**Problem to work on**
With all images left out, restate the records below exactly as written.

= Beginning of Section =

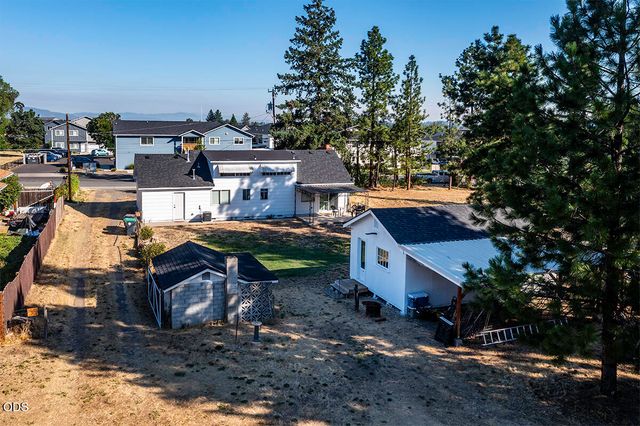 225 Cheryl Lane, Phoenix, OR 97535
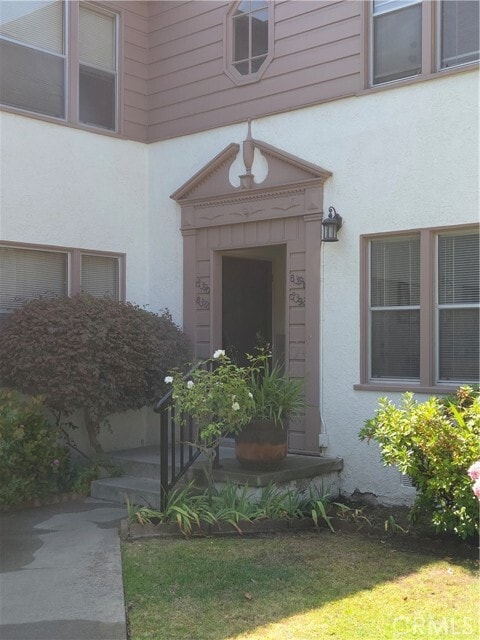 Building Photo - 8394 Dunbarton Ave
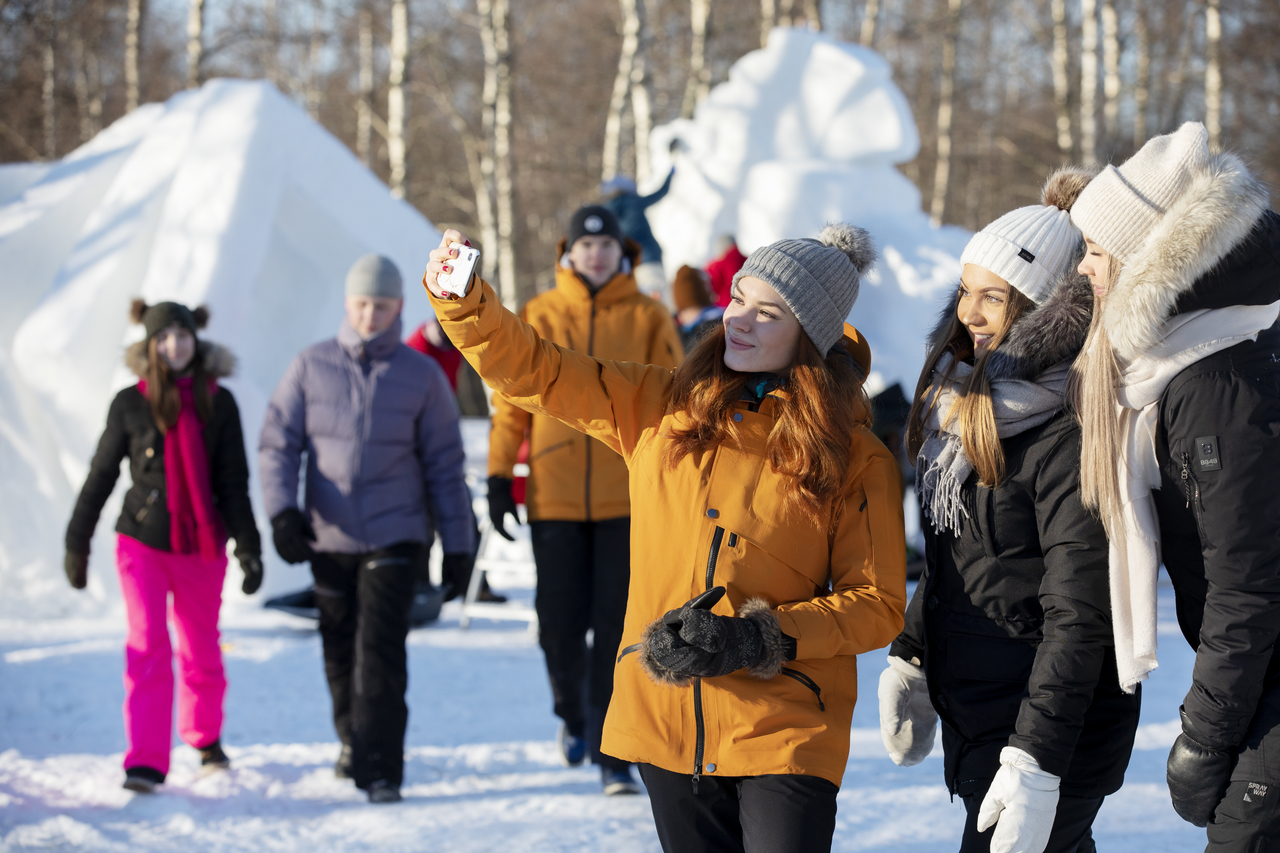 nuoria talvisessa maisemassa ottamassa ryhmäselfietä.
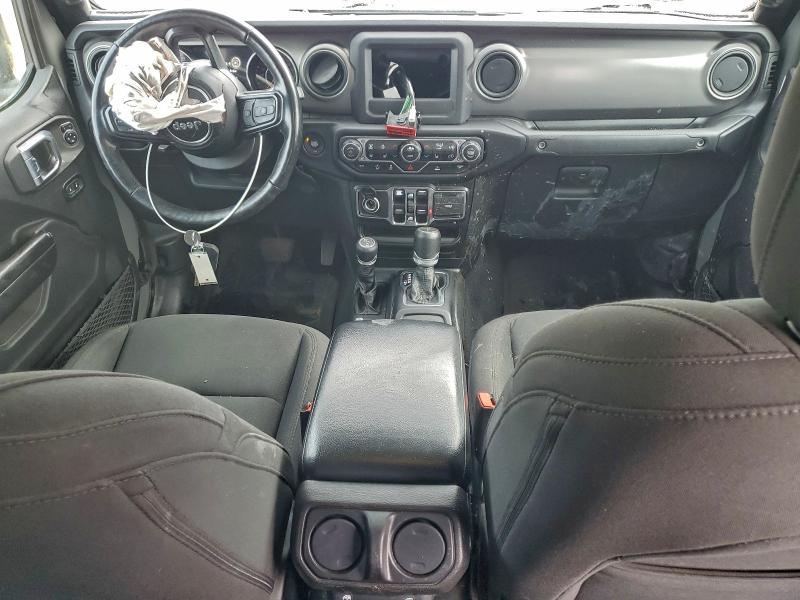 Фото 8 - JEEP GLADIATOR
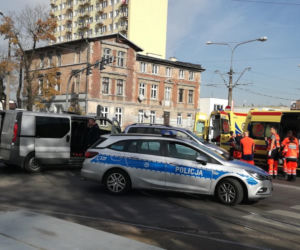 Kolizja osobówki za samochodem konwojowym policji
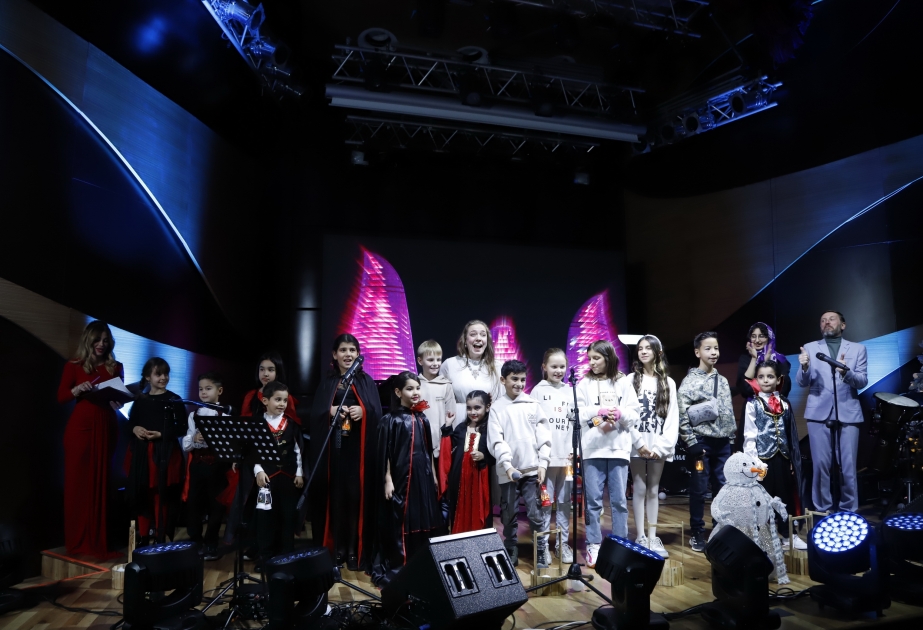 Beynəlxalq Muğam Mərkəzində Həmrəylik Günü və Yeni il münasibətilə konsert olub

= End of Section =

**Result of the exercise**
 225 Cheryl Lane, Phoenix, OR 97535
 Building Photo - 8394 Dunbarton Ave
 nuoria talvisessa maisemassa ottamassa ryhmäselfietä.
 Фото 8 - JEEP GLADIATOR
 Kolizja osobówki za samochodem konwojowym policji
 Beynəlxalq Muğam Mərkəzində Həmrəylik Günü və Yeni il münasibətilə konsert olub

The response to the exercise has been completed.